**Exercise input**

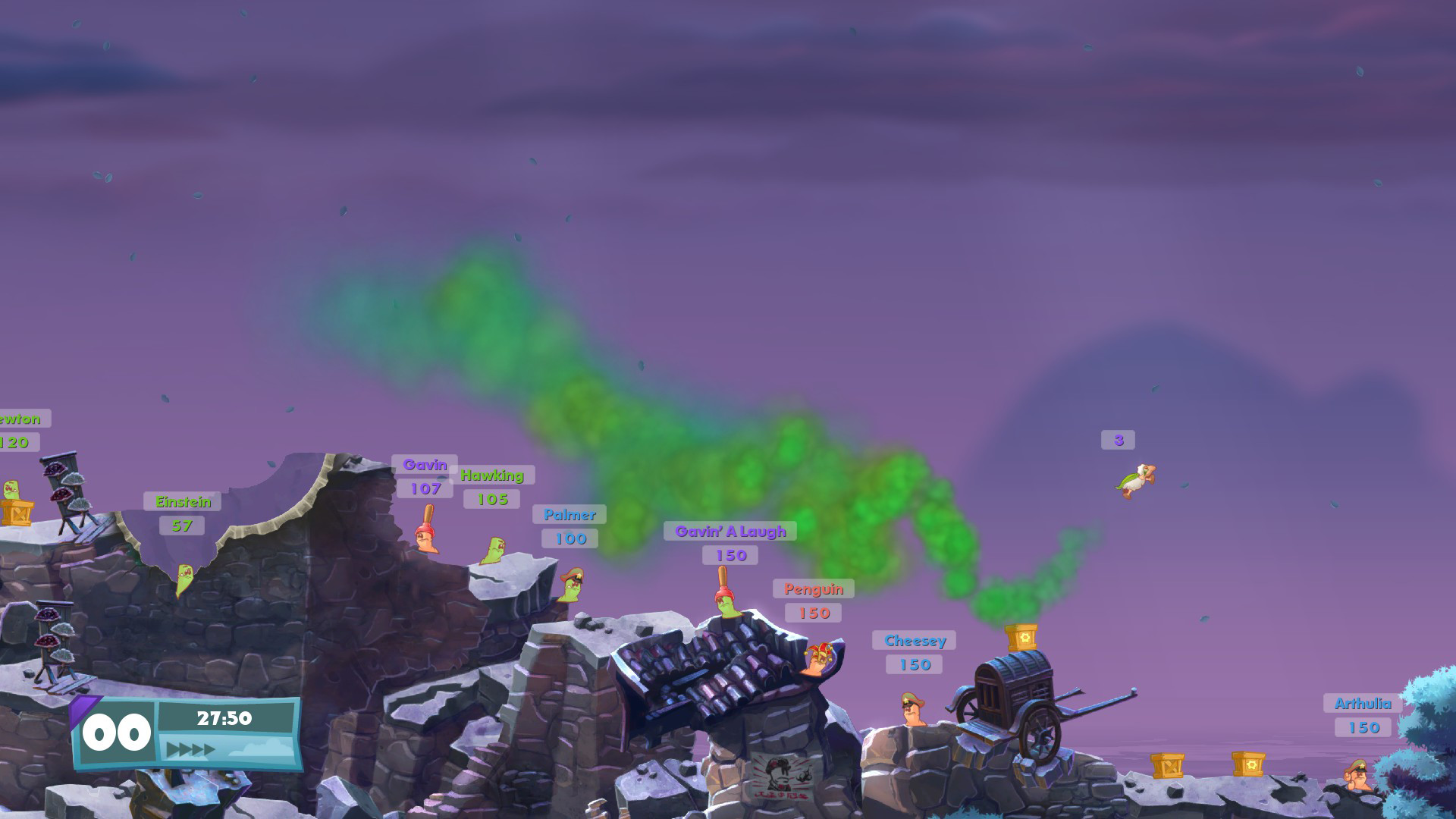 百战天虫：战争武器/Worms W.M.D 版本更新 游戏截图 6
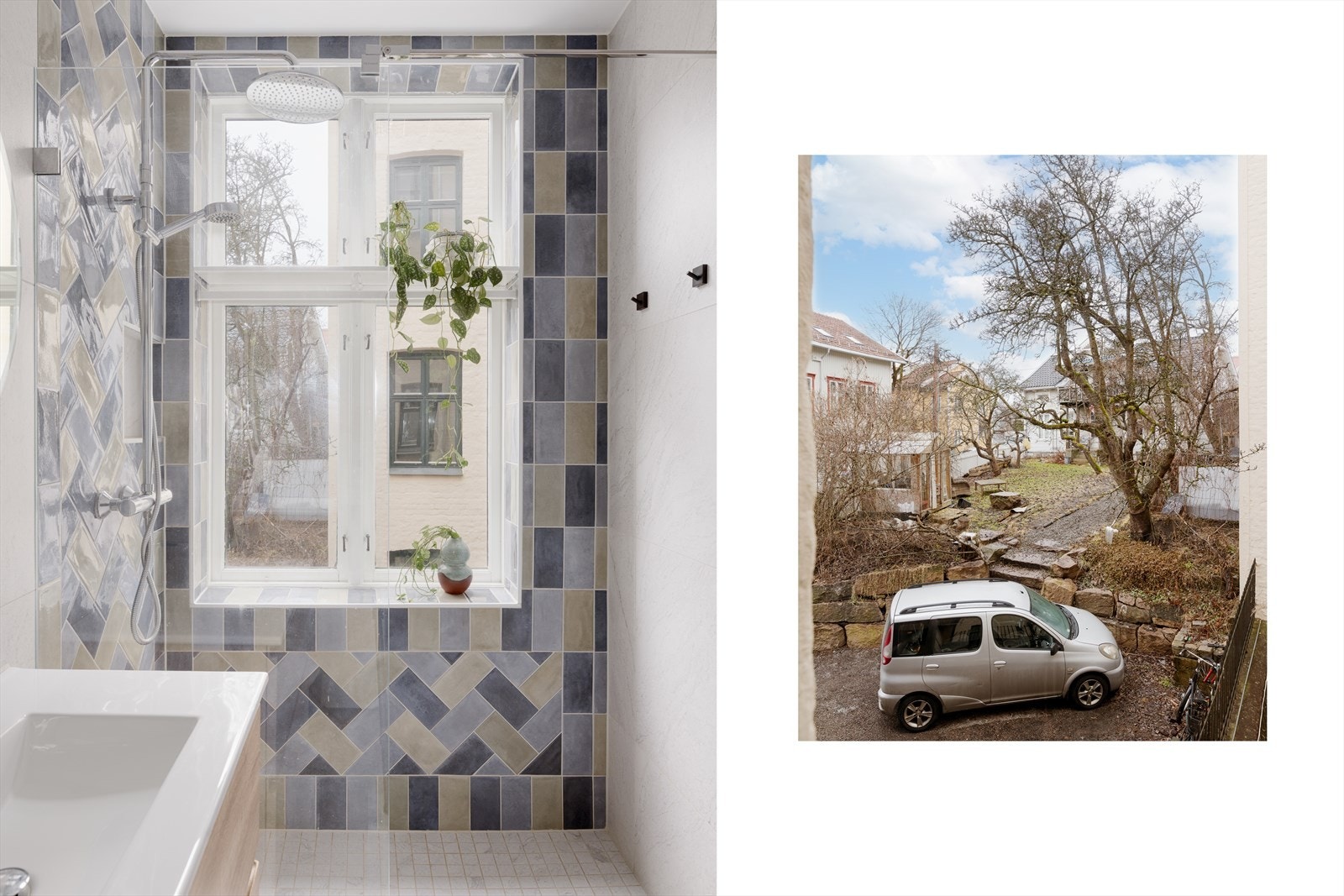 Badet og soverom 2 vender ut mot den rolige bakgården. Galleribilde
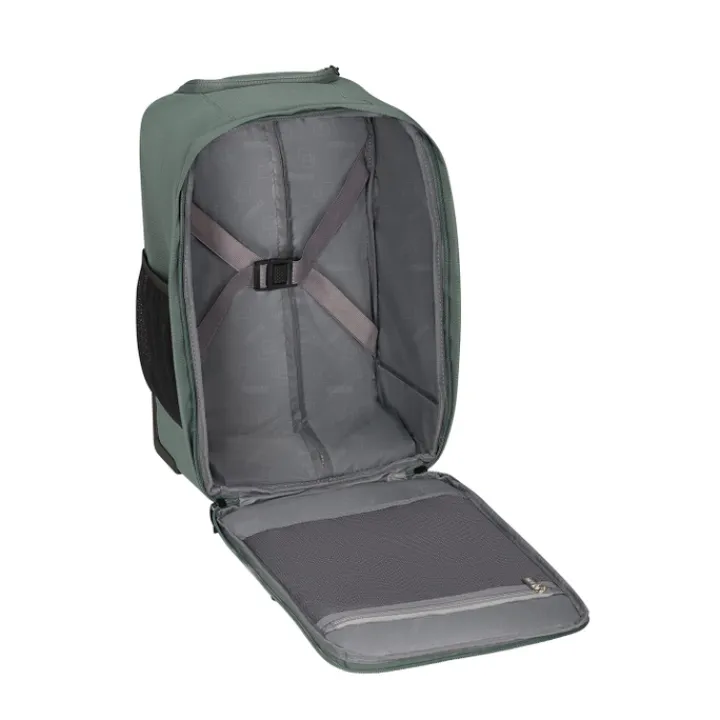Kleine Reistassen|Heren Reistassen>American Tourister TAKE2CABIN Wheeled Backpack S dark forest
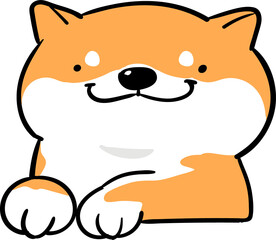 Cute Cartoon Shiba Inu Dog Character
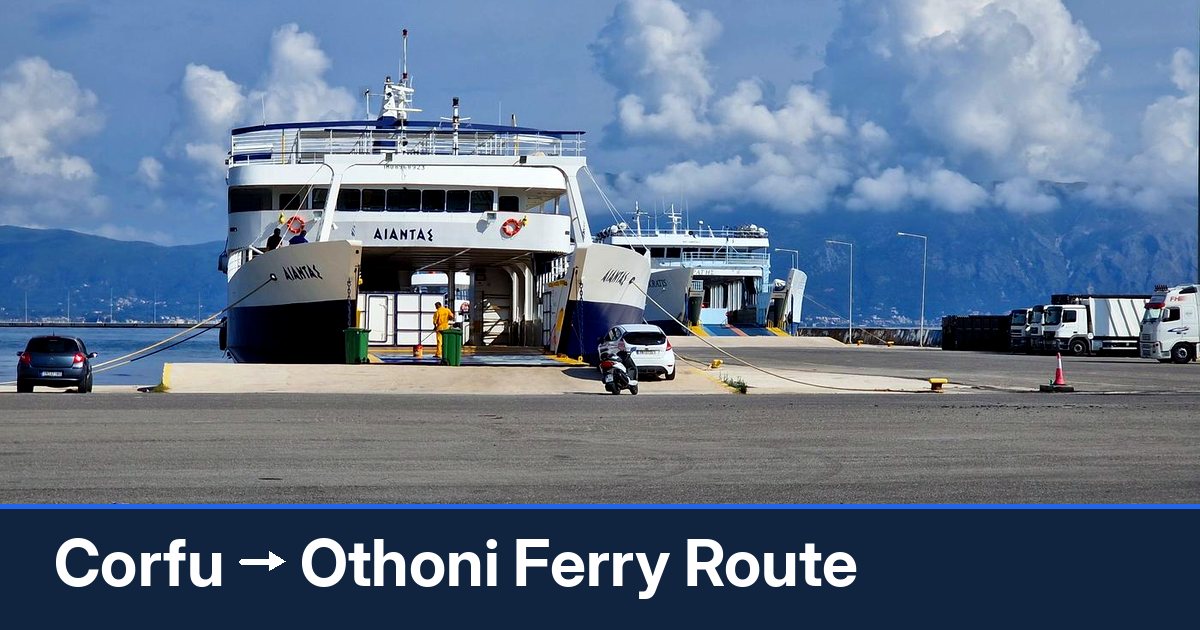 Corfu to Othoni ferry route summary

**About this exercise**
Your answer must be an exact transcription of the records above, minus the pictures.

**Solution for this task**
 百战天虫：战争武器/Worms W.M.D 版本更新 游戏截图 6
 Badet og soverom 2 vender ut mot den rolige bakgården. Galleribilde
Kleine Reistassen|Heren Reistassen>American Tourister TAKE2CABIN Wheeled Backpack S dark forest
 Cute Cartoon Shiba Inu Dog Character
 Corfu to Othoni ferry route summary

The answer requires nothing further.